Also, Allen reads poetry to the camera for over 30 minutes, talks with Neal Cassidy in the basement of City Light in 1965 for almost 20 minutes, and reminisces with William Burroughs in 1984 at Naropa in Boulder, CO.

I can go on and on but this heartfelt collection made me want to read more of Ginsberg's poetry and remember a man who was truly a pacifist and helped make the world a better and more peaceful place. How we need that today!!!!!Here is a recent New York Times review on the DVD:

"The New York Times"
Jerry Aronson has augmented his crisp, straightforward 1993 documentary portrait of the poet Allen Ginsberg with six hours of extra material for this double-disc release, which now makes it a scholarly resource as well as a remarkably clearheaded study of a singularly complex individual.

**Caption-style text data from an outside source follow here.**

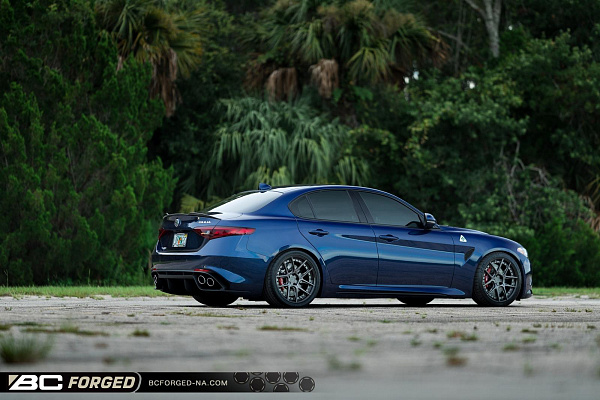 Фото дисков BC Forged HCA381 Сатиновый графит на Alfa Romeo Giulia II (952)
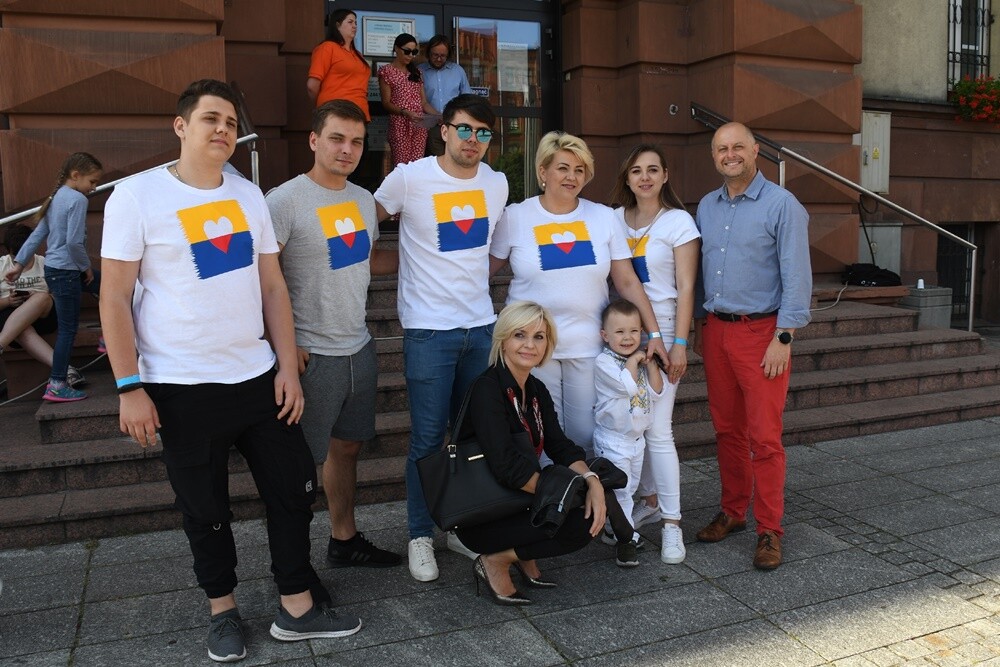 Wczoraj na placu Jana Pawła II w Nowym Bytomiu odbył się koncert charytatywny "Ruda Śląska solidarna z Ukrainą!", którego organizatorami byli: Miasto Ruda Śląska i Telewizja TVS. 

fot. Jacek Knapik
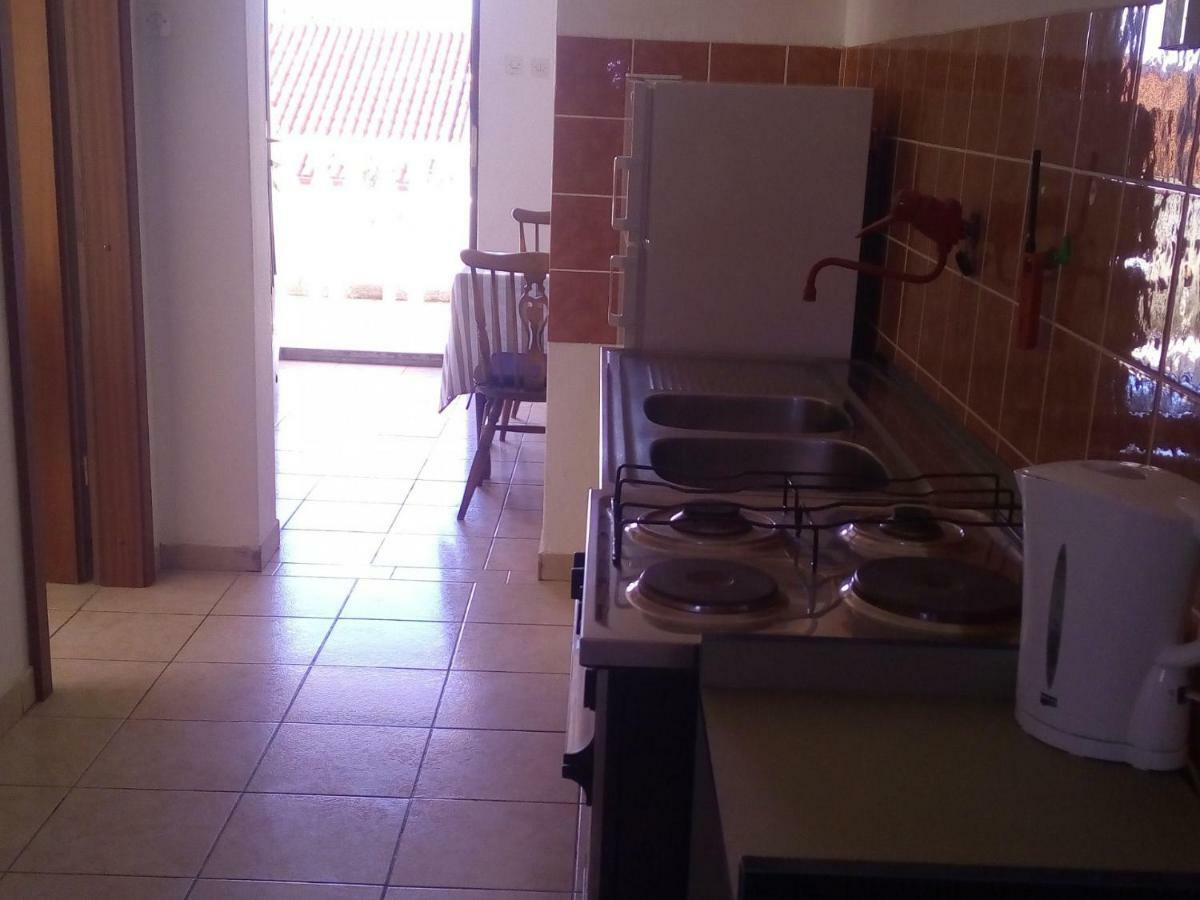 Apartments Luce-With Parking Nin Exterior foto
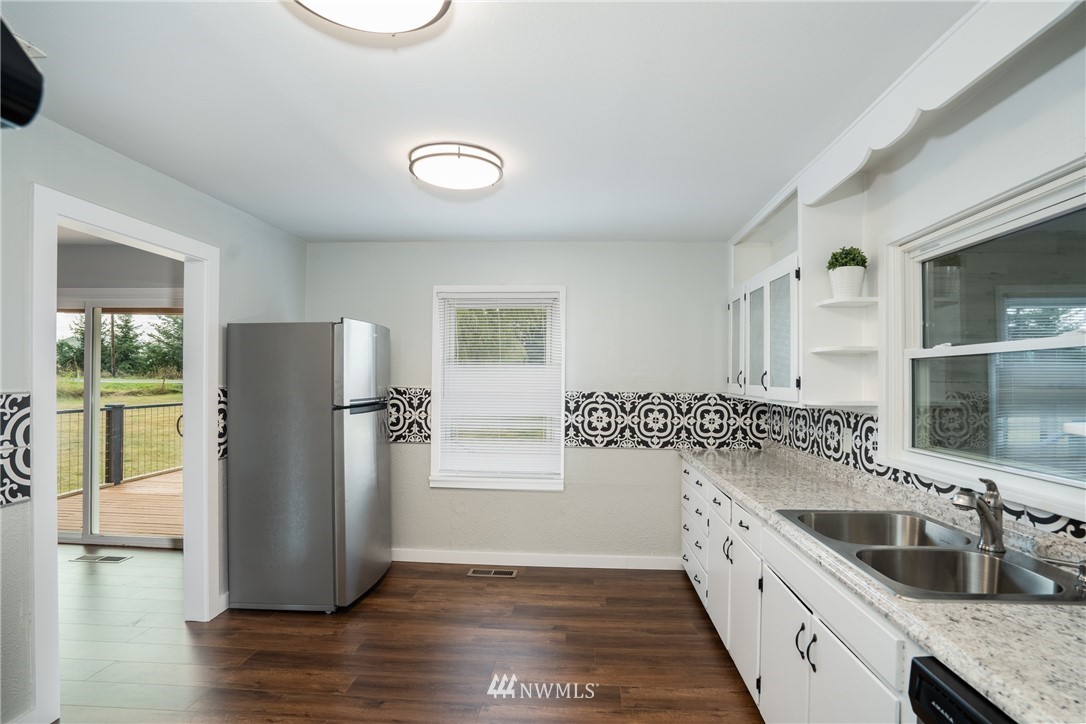 4420 Bay Road Blaine, WA 98230 - Photo 4 of 20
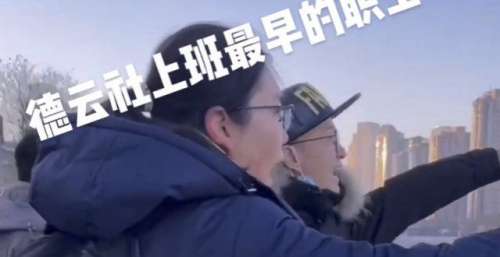 郭德纲名不虚传，德云社龙字科地狱特训，天不亮就去海河边喊嗓子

Mr. Aronson's film follows Ginsberg from his middle-class upbringing in New Jersey through the media explosion that was the Beat movement, his role in the flowering youth movement of the 1960s and his last years as a devoted Buddhist and political activist. Those interviewed range from close friends and family members to artists whose relationship to Ginsberg was more remote (Beck, Bono and Johnny Depp, while the footage Mr. Aronson has gathered includes lengthy excerpts from Ginsberg's 1998 memorial tribute at the Cathedral Church of St. John the Divine, Ginsberg and Bob Dylan visiting Jack Kerouac's grave, a 1965 reading with Neal Cassady at the City Lights bookstore in San Francisco and sequences from Jonas Mekas's touching record of Ginsberg's wake, "Scenes From Allen's Last Three Days on Earth as a Spirit."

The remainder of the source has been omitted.